* WHAT THIS TASK INVOLVES
Each line from the one with "Photo of Heart-shaped" through the last line of the material is to be printed exactly; no other line and no picture belongs in the copy.
"""
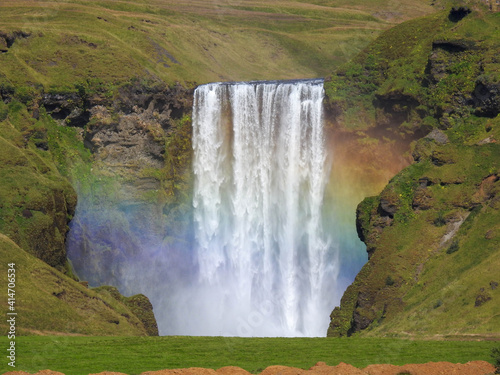 Skogafoss waterfall with  a rainbow in the mist in Iceland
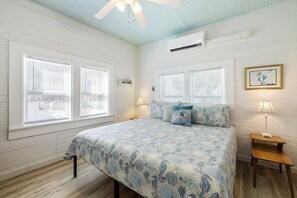 A bedroom with a bed, two bedside tables, a ceiling fan, and a window with blinds.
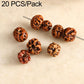 Carved brown seed beads with vertical holes, for DIY bracelet making.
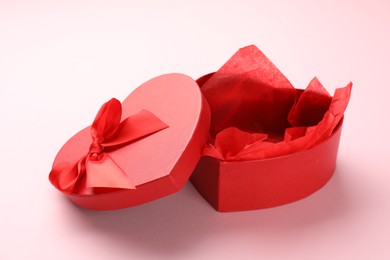 Photo of Heart-shaped gift box with beautiful lid on pink background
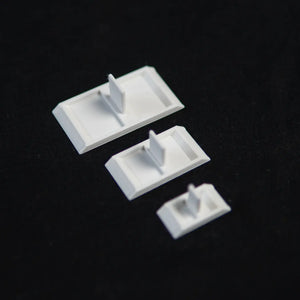 Three empty ant feeding dishes in different sizes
"""
* RESPONSE
 Photo of Heart-shaped gift box with beautiful lid on pink background
 Three empty ant feeding dishes in different sizes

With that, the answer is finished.